Numa-aware
Overview
When a node runs many CPU-bound pods, the workload can move to different CPU cores depending on whether the pod is throttled and which CPU cores are available at scheduling time. Many workloads are not sensitive to this migration and work fine without any intervention. However, in workloads where CPU cache affinity and scheduling latency significantly affect workload performance, special CPU management policies are needed to determine placement preferences on the node.
The Challenge
The CPU Manager and Topology Manager are Kubelet components that help with CPU placement. However, they have the following limitations:
-
Scheduler Unawareness: The scheduler is not topology-aware. This means a pod might be scheduled on a node only to fail due to the Topology Manager.

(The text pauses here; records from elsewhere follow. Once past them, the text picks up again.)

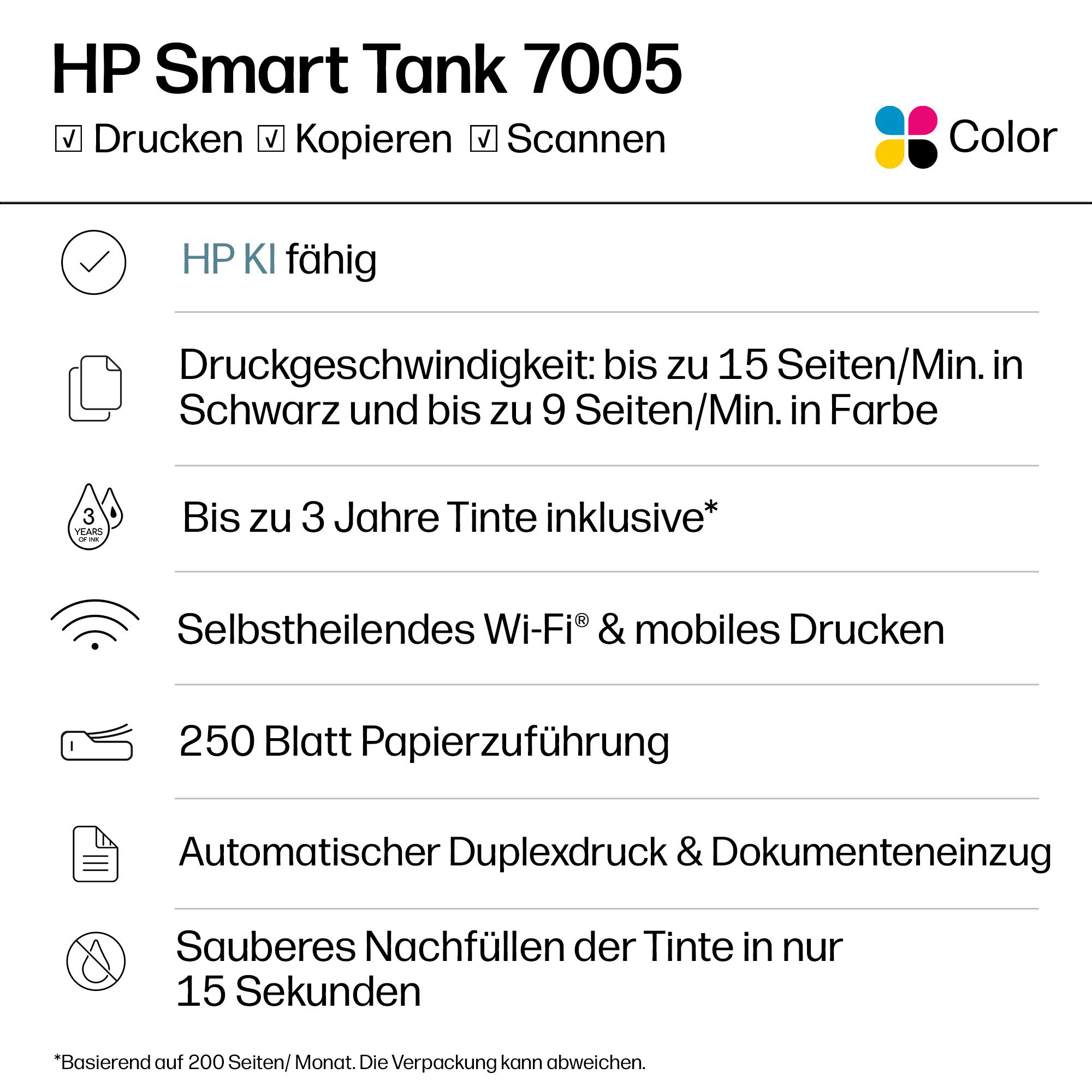 HP Smart Tank 7005 Produktmerkmale: Drucken, Kopieren, Scannen, Wi-Fi und Tintenfüllung.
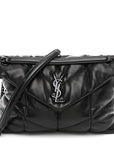 Lambskin Quilted Monogram Monochrome Medium Loulou Puffer Chain Satchel Black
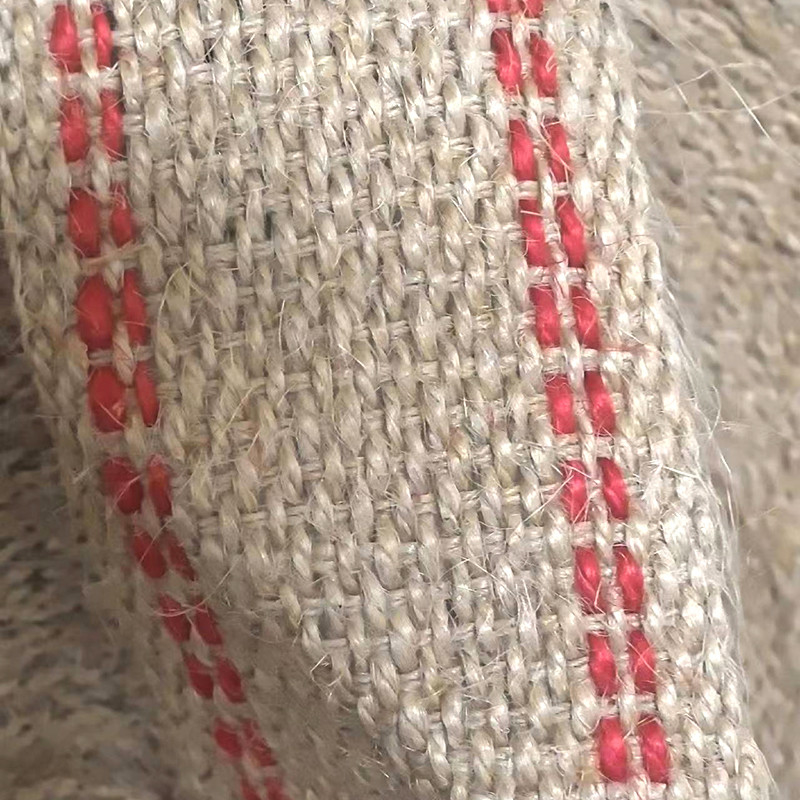 Épaisse tissure naturelle rayures rouges rouleaux de ceinture de jute pour poignée de sac durable et élégant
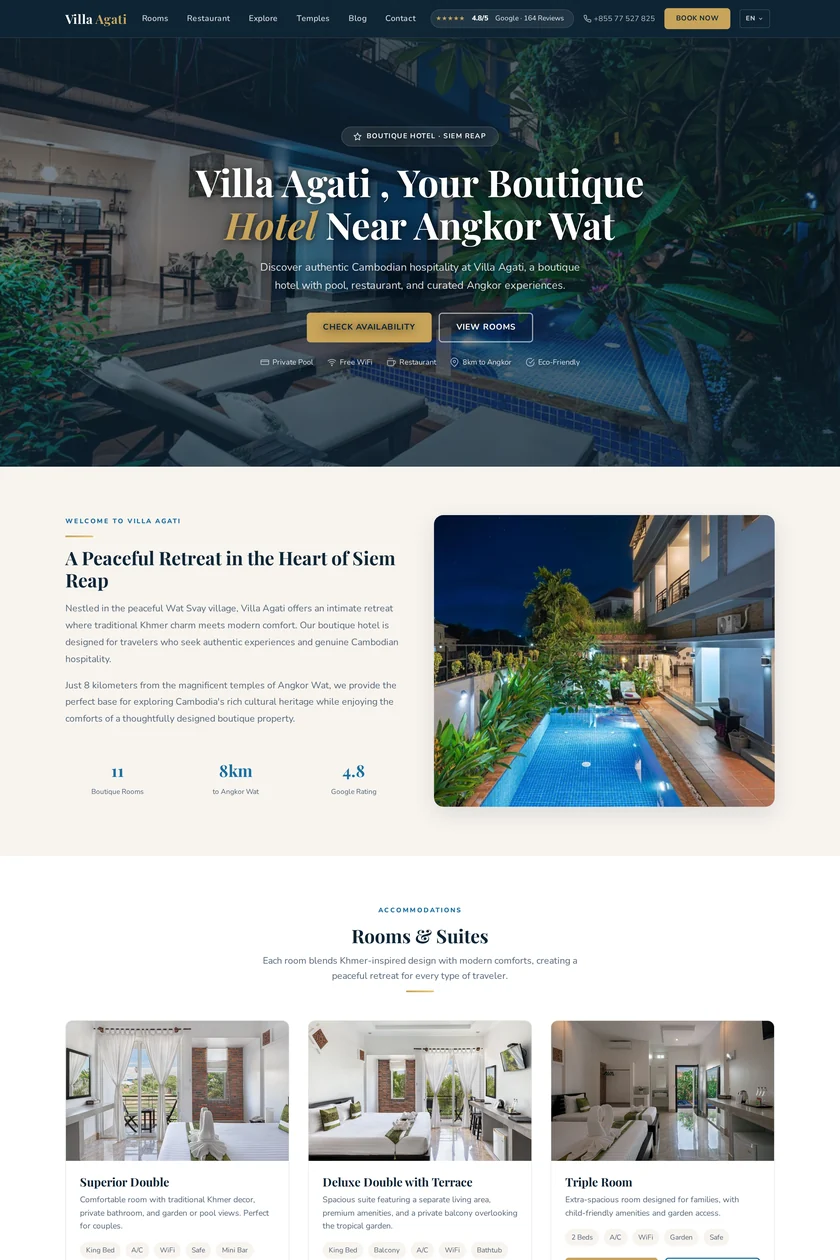 Site de l'hôtel Villa Agati, Siem Reap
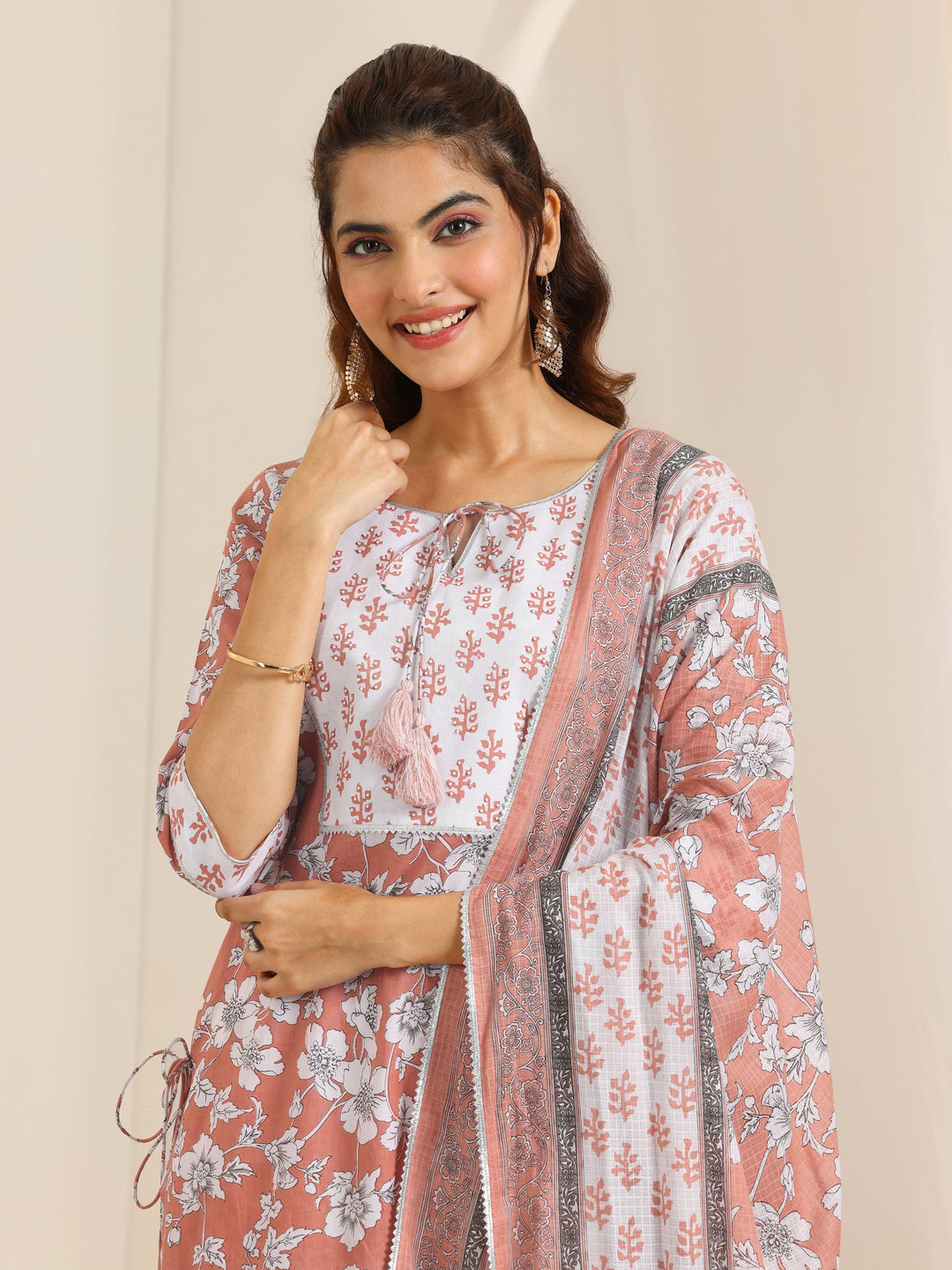  Peach Printed Cotton Straight Suit Set With Dupatta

This is unacceptable for TensorFlow jobs—if any worker or parameter server fails on a node, the entire job will fail.
-
Node-level Only: These managers operate at the node level, which results in an inability to match the best node for NUMA topology across the entire cluster.
How Numa-aware Plugin Works
The Numa-aware plugin aims to address these limitations:
- CPU Resource Topology Scheduling: Supports scheduling based on CPU topology
- Pod-level Topology Policies: Supports topology policies at the pod level
The plugin:
- Collects NUMA topology information from nodes
- Evaluates CPU and memory placement requirements
- Scores nodes based on NUMA affinity
- Ensures tasks are placed on nodes that can satisfy their topology requirements
Scenario
Common scenarios for NUMA-aware scheduling are computation-intensive jobs that are sensitive to CPU parameters and scheduling delays:
Scientific Computing
High-performance scientific calculations benefit from NUMA-aware scheduling to ensure optimal memory access patterns.
Video Processing
Video decoding workloads can achieve better performance when scheduled with NUMA awareness.
Animation Rendering
Animation rendering jobs that are CPU-intensive benefit from optimized CPU and memory placement.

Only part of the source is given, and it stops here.